First, consider that when you request numbers as bankers in a wheel, you want that set to appear in each and every block of the covering. Now, for a pick 6 wheel with 3 bankers, you essentially want to form blocks like B1 B2 B3 X X X, where B1, B2, B3 are your bankers and X are the remaining numbers; the variable part. This is equivalent as forming the blocks like B1 B2 B3 + c(vBC, kBC, tBC, mBC), where BC is the bankers count (3 in your case). So, if you want to construct a 35,6,5,5 with 3 bankers, you create in practice a covering with the fixed part B1 B2 B3 + 32,3,2,2 wheel (in which case the 32,3,2,2 needs 171 blocks as you correctly state).
Now, bankers in WG are a very general mechanism, applicable within the overall design of number groups, which allows the fixed part B1 B2 B3 to show up in every block and to be part of a quite much more complex construction than the simple B1 B2 B3 + 32,3,2,2 construction you request. Given bankers operate at the logic of filtered construction (make a search for this term to find out more on filtered constructions), WG cannot compute the real achievable coverage of the filtered condition because this evaluation requires the covering to be in the form of v,k,t,k (m=k) but in this case here we have m<>k (5<>6). Thus WG display only the overall coverage and since you force part of a 35,6,5,5 to be a fixed B1 B2 B3, obviously this results in a covering less than 100% (actually it is impossible to create an unconditional 100% with a fixed part showing up in every block of the covering!). In fact the achievable coverage is less than 1% as you have observed here; nothing wrong with that really. WG can't show you the partial coverage achievement of the variable part c(vBC, kBC, tBC, mBC) due to the generality of its construction mechanism.
The same case is with the other covering 35,6,5,6 with 3 bankers. Here you check the overall (main) coverage but you should actually inspect only the filtered coverage indicated, given m=k here we can evaluate the filtered part of the wheel. A quick run with WG produced this in 85 blocks, running it a bit longer it would probably make this to 81 as well.
Bottom line is, the way bankers are implemented in WG are meant to operate in a much broader spectrum of possible constructions and still deliver the desired output but with the limitation of m=k because of the filtered mechanism. In order for WG to construct the wheels like the above you want, a special "bankers separation" function should be implemented that separates completely the fixed part (the bankers) from the internal covering construction of c(vBC, kBC, tBC, mBC), thus WG would specifically know it needs to evaluate the coverage of the vBC, kBC, tBC, mBC part only and attach internally the bankers.

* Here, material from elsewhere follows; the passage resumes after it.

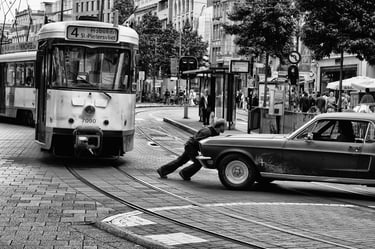 Candid urban scene of car breakdown in front of tram in black and white.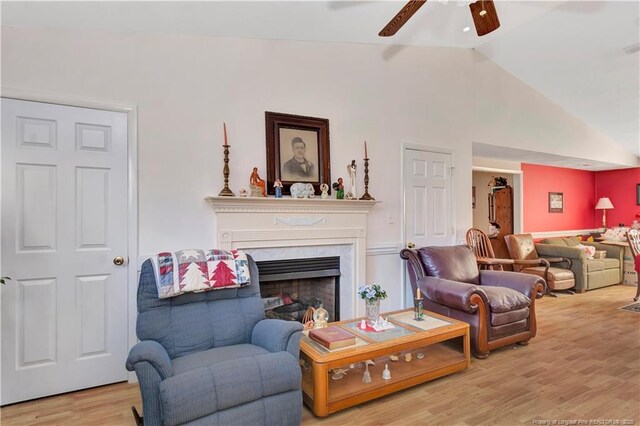 living room featuring a fireplace, wood finished floors, a ceiling fan, and vaulted ceiling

Not sure if I have explained this adequately or if it is clear what you observe there, but this is what is happening.
If you can't make WG construct the desired bankers in your requested wheel, the simplest approach is to simply attach the bankers to the variable part c(vBC, kBC, tBC, mBC), after you construct the variable part.
I'll just give an example of the generality mechanism of bankers as implemented by WG. Just consider the case you want also a specific range of sums (or whatever combination of filters) to be allowed for your construction. Attaching bankers as is (what you are after), will easily violate your other requirements in many blocks. With WG's mechanism, provided the filtered coverage can be evaluated, you'll certainly pass all your other requirements alongside with your bankers too. This is the generality offered in WG,
Obviously WG can create any t if m wheel, including of course 5 if 5. The construction B1 B2 B3 + c(vBC, kBC, tBC, mBC) you want is in fact a special case of filtered constructions because the requirement here is the ability to evaluate the coverage of the variable part c(vBC, kBC, tBC, mBC) needed for this construction. Only a specially designed function in WG would allow that automatic separation and evaluation. I'll keep a note to this as a future addition to enhance the bankers operation further.
The one liner answer is: WG evaluates the covering as v,k,t,m but in reality the special case of a set of b bankers requires evaluation of a vb, kb, tb, mb covering. In the case of k=m, WG can evaluate this correctly by inspecting the indicated filtered coverage (not the main coverage).
That's why 35,6,5,5 with 3 bankers needs 171 blocks, because 32,3,2,2=171 blocks. Also 35,6,5,6 with 3 bankers needs 81 blocks because 32,3,2,3=81 blocks.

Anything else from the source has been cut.